Number two: If Dando does still exist (it's true he's released well-received solo work in the last few years), and he's in front of a band called the Lemonheads, with a new record called The Lemonheads, he's obviously trying to capitalize on '90s nostalgia, and sell enough records to pay for a pound of China white before people realize they forked over cash for an album that never should have been made in the first place.
Like I said, call me a cynic.
Then The Lemonheads (Vagrant), released in September, arrived in the mail. The band's lineup has always fluctuated, with Dando the lone constant, and for this record drummer Bill Stevenson and bassist Karl Alvarez, both of Descendents fame, round out the group. Shocking as it seems, Lemonheads isn't garbage. At least I was surprised. Maybe you've always had faith in Dando.
There's reason for faith. While many people remember the insipid cover of "Mrs. Robinson," appearances on Live with Regis and Kathie Lee, the epic drug use, the fanzine Die, Evan Dando, Die, and the laughable meltdown, It's a Shame About Ray remains an early '90s alt-rock essential. Prior to the band's stint with Atlantic, the Lemonheads released three legit records on Taang!, and a hard-to-find objet d'art, indie EP Laughing All the Way to the Cleaners, in '86. Dando—a lawyer's son from Essex, Massachusetts—launched the first incarnation of the Lemonheads while a senior at an itsy-bitsy, private high school in Boston. His influences: the local hardcore/punk scene, bands like the Buzzcocks and Black Flag, and, apparently, the idea of being a "rock star."

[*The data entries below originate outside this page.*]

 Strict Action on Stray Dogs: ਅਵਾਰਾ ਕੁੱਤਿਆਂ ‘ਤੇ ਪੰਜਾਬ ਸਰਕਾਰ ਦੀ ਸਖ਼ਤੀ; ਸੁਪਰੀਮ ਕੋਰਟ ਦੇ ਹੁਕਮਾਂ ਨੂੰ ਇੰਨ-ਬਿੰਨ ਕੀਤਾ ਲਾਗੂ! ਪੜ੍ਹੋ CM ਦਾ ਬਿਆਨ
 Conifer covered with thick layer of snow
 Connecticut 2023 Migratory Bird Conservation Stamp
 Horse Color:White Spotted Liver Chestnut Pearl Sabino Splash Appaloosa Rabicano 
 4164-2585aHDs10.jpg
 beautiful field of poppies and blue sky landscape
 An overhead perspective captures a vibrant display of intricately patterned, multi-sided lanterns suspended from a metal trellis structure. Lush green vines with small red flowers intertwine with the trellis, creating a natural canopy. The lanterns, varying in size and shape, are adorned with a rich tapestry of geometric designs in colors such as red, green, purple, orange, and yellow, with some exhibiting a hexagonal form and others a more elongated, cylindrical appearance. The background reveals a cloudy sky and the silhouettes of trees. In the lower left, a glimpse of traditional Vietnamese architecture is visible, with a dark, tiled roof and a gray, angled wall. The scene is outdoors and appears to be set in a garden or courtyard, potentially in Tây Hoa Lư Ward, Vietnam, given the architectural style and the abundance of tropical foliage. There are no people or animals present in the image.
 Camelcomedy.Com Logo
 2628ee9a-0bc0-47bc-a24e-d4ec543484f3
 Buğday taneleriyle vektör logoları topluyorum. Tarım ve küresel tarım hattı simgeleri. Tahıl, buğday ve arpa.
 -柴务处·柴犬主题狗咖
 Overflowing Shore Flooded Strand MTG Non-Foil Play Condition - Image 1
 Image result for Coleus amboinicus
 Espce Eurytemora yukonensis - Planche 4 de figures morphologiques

He was good at playing the "rock star." He has the scars and bad press to prove it.
What makes Lemonheads better than expected is that, with his 40th birthday looming, Dando has lost the drugged-out, pretty-boy, hair-in-face façade, and reverted to what made the Lemonheads interesting in the first place: ear-tickling pop chops infused with a sense of melancholy that makes the whole thing matter. Dando is something like a post-slacker Tom Petty on The Lemonheads—the opener "Black Gown," and the Americana-laced "Baby's Home" leading the way. Stevenson and Alvarez, with their punk credentials, seem at home. It's a predictable record, but most pop is. Good pop almost always is.
Whether Dando is simply cashing in on the marketability of a band name he forsook a decade ago is debatable. If he is, considering the mud he's dragged the name through, Dando deserves his money. Making us forget he's a punchline would be a monumental accomplishment. The Lemonheads doesn't clear the slate, but it makes you rethink things a bit.